Mosque located in Choa Chu Kang, Singapore

Masjid Al-Khair is a mosque located in Choa Chu Kang, Singapore. Situated within the heart of Teck Whye, it has a capacity of 4,000 worshippers. The mosque was built in 1997 as a replacement for an older mosque situated in the same neighbourhood.

== History ==
Masjid Al-Khair was established in the 1990s to replace a former mosque that stood on a hilltop along Choa Chu Kang Road. This mosque, also named Masjid Al-Khair, was a centre for communal activities, counselling, missionary work, and divorce proceedings, centred in the Teck Whye neighborhood. It held a fundraiser in late 1988 in order to gather funds for a proposed reconstruction for the accommodation of more worshippers. Then in April 1995, more details were revealed to the public about the reconstruction, which included a wider, two-storey main prayer hall, an auditorium, and a modernized architectural style. It was then revealed in May 1997 that Masjid Al-Khair would be demolished for a newer mosque in the heart of Teck Whye.

Completed in late 1997, the new mosque was built under the Mosque Building Fund, an initiative introduced by the Majlis Ugama Islam Singapura (MUIS) that would help to fund the construction of mosques nationwide. It was officially inaugurated on 31 May 1998, although it had been opened much earlier. As part of a campaign against smokers, a pair of mummified lungs were placed on display at the reception area of the mosque, as a visual art display showing the harmful effects of smoking.

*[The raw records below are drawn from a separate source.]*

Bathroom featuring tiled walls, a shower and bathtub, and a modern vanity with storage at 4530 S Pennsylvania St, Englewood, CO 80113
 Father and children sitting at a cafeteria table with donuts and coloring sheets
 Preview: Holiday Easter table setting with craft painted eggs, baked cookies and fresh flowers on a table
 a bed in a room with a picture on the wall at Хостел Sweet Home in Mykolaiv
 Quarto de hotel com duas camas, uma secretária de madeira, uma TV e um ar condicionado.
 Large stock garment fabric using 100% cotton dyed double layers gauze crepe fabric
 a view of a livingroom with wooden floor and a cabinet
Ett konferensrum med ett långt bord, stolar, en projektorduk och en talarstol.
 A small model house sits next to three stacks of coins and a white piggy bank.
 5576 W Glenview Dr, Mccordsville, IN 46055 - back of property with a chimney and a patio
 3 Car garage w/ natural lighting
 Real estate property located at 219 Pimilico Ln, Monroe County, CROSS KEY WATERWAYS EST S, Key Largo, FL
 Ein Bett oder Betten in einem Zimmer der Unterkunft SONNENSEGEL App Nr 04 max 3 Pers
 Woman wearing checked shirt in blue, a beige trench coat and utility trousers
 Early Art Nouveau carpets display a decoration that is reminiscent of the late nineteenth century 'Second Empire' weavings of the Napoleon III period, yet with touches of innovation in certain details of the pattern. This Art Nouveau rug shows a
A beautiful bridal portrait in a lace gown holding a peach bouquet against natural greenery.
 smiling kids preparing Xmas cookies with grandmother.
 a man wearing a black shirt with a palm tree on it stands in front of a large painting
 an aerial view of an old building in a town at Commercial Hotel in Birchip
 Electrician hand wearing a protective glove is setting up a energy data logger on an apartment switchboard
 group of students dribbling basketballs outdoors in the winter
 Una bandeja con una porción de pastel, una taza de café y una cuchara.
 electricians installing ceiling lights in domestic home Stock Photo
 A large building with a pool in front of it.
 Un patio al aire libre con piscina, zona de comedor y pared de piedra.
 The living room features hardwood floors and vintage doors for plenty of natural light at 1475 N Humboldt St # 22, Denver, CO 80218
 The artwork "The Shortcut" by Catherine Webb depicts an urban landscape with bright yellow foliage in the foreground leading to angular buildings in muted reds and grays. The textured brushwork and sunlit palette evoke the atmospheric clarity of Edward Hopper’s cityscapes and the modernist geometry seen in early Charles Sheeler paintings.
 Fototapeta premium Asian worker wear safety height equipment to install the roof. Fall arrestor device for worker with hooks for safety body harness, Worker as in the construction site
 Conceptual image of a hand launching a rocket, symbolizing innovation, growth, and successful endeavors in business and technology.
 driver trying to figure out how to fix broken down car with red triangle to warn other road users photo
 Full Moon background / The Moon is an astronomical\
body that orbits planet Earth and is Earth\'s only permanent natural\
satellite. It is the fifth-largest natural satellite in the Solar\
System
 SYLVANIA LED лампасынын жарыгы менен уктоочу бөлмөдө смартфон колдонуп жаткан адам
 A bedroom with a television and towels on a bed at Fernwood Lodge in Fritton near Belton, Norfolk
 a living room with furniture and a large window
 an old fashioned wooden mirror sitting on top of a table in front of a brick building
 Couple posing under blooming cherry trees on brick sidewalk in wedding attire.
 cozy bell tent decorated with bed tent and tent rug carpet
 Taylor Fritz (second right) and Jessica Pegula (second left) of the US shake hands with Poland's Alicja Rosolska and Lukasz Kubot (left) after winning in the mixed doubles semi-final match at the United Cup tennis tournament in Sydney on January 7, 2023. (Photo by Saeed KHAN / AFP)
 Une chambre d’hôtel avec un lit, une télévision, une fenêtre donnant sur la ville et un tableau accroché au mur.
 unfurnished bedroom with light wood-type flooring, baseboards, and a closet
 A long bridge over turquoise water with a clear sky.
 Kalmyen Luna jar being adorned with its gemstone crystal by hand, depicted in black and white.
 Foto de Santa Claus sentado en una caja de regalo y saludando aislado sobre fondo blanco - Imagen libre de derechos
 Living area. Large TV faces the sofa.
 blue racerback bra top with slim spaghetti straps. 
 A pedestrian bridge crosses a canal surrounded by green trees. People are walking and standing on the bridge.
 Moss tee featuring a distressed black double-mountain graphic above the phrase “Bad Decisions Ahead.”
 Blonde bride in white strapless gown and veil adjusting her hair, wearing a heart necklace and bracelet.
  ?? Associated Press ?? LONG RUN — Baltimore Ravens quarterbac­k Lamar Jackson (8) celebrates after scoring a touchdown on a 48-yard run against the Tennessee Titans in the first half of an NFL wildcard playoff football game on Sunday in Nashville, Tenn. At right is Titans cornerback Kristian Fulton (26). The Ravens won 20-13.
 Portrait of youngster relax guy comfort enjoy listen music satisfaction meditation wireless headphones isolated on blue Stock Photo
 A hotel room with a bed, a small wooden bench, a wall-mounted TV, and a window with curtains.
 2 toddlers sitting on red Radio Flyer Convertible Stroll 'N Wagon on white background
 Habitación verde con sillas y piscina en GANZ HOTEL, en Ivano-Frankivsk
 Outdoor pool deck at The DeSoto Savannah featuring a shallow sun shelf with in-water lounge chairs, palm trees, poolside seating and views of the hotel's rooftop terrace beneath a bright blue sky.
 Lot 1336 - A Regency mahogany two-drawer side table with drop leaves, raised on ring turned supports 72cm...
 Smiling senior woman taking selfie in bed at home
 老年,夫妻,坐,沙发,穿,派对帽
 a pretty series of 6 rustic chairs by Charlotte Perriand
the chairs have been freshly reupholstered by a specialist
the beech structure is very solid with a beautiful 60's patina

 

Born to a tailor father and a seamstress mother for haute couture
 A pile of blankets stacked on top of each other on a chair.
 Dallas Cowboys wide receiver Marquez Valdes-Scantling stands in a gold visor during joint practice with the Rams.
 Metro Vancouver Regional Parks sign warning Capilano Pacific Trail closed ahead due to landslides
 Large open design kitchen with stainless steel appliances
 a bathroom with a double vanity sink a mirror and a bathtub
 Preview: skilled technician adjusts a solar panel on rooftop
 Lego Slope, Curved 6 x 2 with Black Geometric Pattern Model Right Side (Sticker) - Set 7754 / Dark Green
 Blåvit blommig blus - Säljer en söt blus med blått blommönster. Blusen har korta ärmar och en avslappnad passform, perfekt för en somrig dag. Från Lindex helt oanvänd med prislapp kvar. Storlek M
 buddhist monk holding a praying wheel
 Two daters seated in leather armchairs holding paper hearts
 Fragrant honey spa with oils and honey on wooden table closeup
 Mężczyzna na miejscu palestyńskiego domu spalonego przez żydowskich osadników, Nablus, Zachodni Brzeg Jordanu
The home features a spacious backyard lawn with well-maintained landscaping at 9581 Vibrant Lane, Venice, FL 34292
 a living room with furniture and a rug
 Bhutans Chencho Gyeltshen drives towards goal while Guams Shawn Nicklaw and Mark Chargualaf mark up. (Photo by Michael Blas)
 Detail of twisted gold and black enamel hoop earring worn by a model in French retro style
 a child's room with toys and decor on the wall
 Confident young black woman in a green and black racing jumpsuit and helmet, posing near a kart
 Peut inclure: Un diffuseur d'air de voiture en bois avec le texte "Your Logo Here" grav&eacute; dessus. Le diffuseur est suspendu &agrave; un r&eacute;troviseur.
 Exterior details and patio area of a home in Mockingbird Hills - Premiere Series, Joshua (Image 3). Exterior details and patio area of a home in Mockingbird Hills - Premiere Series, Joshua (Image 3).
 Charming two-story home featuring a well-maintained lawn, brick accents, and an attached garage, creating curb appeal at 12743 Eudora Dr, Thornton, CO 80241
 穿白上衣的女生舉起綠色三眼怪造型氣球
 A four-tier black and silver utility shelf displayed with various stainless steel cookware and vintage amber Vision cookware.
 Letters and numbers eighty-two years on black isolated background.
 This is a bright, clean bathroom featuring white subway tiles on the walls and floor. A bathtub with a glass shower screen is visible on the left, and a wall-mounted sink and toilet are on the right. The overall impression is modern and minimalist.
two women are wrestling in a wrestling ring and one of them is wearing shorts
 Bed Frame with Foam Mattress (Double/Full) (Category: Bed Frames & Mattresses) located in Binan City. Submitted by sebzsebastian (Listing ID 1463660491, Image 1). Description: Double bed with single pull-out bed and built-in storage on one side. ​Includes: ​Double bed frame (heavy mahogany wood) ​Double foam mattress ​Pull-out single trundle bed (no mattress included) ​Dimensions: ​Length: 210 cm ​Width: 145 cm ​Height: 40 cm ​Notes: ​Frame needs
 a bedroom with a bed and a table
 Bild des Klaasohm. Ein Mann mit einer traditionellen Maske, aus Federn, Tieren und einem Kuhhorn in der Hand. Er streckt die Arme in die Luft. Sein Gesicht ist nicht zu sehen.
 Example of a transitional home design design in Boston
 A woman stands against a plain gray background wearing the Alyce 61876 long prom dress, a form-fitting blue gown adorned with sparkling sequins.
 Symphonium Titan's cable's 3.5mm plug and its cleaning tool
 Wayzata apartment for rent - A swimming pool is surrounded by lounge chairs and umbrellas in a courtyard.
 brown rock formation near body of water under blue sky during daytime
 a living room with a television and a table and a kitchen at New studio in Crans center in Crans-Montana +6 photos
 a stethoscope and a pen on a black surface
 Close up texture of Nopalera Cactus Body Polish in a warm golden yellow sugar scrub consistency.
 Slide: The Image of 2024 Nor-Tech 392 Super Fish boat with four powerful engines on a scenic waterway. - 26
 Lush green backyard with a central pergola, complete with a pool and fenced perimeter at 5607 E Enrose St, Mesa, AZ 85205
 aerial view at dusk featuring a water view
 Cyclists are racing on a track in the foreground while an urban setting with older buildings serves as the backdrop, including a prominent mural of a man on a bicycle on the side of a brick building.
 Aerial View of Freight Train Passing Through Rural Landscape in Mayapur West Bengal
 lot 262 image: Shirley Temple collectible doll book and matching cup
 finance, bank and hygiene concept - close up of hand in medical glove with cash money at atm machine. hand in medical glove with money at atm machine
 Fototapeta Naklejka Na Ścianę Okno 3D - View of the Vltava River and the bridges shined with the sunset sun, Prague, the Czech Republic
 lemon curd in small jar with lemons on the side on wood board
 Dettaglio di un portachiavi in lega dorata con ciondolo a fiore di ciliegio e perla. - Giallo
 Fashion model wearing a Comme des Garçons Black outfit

In 2017, with the approval of the MUIS, the mosque received an extensive renovation, which expanded its main prayer hall and allowed for more than 4,000 worshippers to be accommodated during Jummah and festive prayers.

== Architecture ==
The overall architectural style of Masjid Al-Khair is completely modern, with themes of environmental conservation and urbanism. The walls of the mosque are made of glass to reduce the need for lights. Classrooms in the mosque can also be easily converted into spaces for prayers.

== Transportation ==
Masjid Al-Khair is situated in the heart of the Teck Whye neighbourhood and is within walking distance of the Keat Hong LRT station on the Bukit Panjang LRT line.